11 décembre 2018 0 Par Francois Asensi

Le président de la République est dans le déni absolu d’une crise sociale qui interroge la société française sur son modèle de développement et sa finalité même. Ses annonces n’apportent aucune réorientation de son horizon de pensée libérale, où le président Macron exonère le capital de tout devoir de solidarité.

La fausse augmentation du SMIC annoncée sera ainsi financée par de l’argent public, via la prime d’activité. La défiscalisation des heures supplémentaires : c’est l’État qui la paiera. Alors que la productivité ne cesse de s’améliorer, rappelons que la part des salaires dans la valeur ajoutée est historiquement basse. En vingt ans, la part des salaires dans le produit intérieur brut (PIB) français a baissé de 9,3 %, ce qui correspond à plus de 150 milliards d’euros transférés du travail vers le capital. C’est un transfert de richesses colossal, qui explique la faiblesse des salaires et le grossissement de l’armée industrielle de réserve que constituent les chômeurs.

Le plus exaspérant dans l’allocution du chef de l’État, ce sont ses tentatives d’entourloupe. Soyons clair : le SMIC n’augmente pas. Le gouvernement ne fait aucun geste. Les 100 euros annoncés viennent d’une augmentation de la prime d’activité étalée sur plusieurs années, prévue de longue date ! Le seul geste, c’est de la ramener sur un an, sur le dos de la dépense publique. Les profits seront intacts. La défiscalisation des heures supplémentaires ne profitera qu’à ceux qui s’en voient proposer. C’est l’employeur qui décide, pas le salarié. On peut aussi supposer qu’elle limitera la création de nouveaux emplois. La suppression de la hausse de la CSG sur les retraites de moins de 2000 euros pourrait être un beau geste… mais c’est le revenu fiscal de 2000 euros qui sera pris en compte, pas les retraites de 2000 euros, ce qui est très différent.
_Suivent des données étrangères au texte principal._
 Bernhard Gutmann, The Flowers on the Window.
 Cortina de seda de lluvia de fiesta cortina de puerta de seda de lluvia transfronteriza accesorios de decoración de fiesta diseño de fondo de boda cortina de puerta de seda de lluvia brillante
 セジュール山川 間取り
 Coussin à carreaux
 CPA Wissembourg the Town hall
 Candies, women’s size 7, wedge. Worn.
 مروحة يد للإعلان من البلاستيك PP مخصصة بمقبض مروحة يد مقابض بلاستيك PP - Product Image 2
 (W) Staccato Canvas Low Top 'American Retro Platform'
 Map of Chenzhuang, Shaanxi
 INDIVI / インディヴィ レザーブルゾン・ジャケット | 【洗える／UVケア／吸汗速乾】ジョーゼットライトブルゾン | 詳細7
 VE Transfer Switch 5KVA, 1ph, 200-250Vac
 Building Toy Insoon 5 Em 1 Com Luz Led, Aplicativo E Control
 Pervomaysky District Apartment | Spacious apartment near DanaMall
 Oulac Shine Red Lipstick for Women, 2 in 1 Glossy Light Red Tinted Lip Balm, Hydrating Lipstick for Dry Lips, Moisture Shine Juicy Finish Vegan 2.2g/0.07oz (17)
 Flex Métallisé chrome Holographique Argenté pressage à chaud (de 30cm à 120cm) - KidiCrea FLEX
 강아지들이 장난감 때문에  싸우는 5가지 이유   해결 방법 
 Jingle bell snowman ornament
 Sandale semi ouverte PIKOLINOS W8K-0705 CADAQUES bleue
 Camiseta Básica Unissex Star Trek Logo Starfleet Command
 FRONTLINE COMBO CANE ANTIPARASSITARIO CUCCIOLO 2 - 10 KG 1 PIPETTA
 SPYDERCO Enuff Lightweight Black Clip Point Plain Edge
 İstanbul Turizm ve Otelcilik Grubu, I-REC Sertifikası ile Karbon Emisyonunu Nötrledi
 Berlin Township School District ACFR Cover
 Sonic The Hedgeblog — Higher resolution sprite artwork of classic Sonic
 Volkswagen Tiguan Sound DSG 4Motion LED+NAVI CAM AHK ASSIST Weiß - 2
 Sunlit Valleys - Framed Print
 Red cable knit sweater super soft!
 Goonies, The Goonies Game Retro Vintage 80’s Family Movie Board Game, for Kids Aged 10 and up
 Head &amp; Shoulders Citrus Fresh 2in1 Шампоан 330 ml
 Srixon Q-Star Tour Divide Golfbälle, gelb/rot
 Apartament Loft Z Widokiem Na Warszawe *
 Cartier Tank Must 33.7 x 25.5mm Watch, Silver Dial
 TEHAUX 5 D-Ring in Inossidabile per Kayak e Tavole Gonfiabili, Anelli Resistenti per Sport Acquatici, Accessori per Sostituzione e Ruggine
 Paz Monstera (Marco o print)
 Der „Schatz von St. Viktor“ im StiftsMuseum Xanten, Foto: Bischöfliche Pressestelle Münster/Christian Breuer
Cela concernera un nombre largement insuffisant de retraités.

Les plus riches et les grandes entreprises sont totalement épargnés, et sont donc dispensés de participer à la solidarité nationale. Emmanuel Macron refuse de rétablir l’ISF, qui ne représente que 3.5 milliards d’euros pris sur 1028 milliards de patrimoine des plus riches, d’après les chiffres de 2017 ! Le CICE est maintenu, avec ses 20 milliards d’euros donnés en pure perte aux grandes entreprises.

Et voilà que le Président appelle les maires à son secours, pour renouer le dialogue avec les Français. L’ennui, c’est que les communes ont été vidées de leurs compétences depuis plusieurs années et que les maires sont méprisés par le pouvoir central, au profit de structures bureaucratiques monstrueuses, déconnectées des réalités locales. Si Emmanuel Macron veut replacer les maires au sein du débat démocratique, il va falloir commencer par replacer la commune au cœur de la démocratie.